• _AVAILABLE DATA_
........
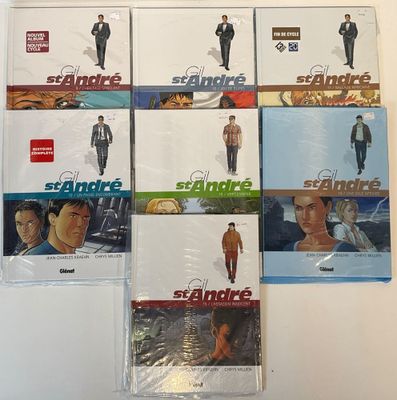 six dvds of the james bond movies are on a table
........
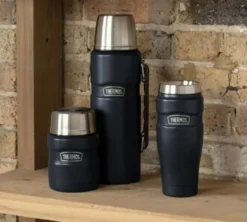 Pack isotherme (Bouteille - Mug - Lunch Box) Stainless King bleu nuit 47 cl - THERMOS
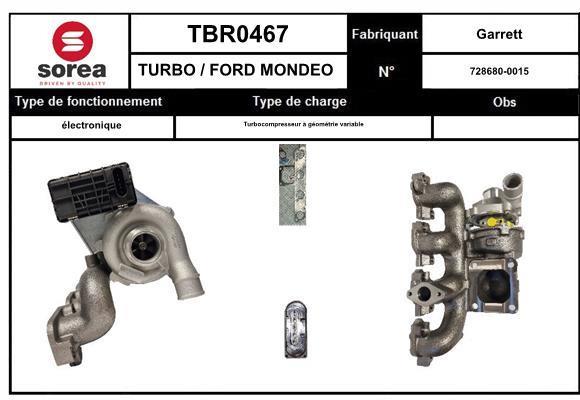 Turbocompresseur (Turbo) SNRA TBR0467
........
• _ACTION ITEM_
While skipping the pictures, transcribe the data above from the line showing "Pack isotherme (Bouteille" through the line showing "Turbocompresseur (Turbo) SNRA TBR0467", exactly and with both ends.

• _RESPONSE BELOW_
 Pack isotherme (Bouteille - Mug - Lunch Box) Stainless King bleu nuit 47 cl - THERMOS
 Turbocompresseur (Turbo) SNRA TBR0467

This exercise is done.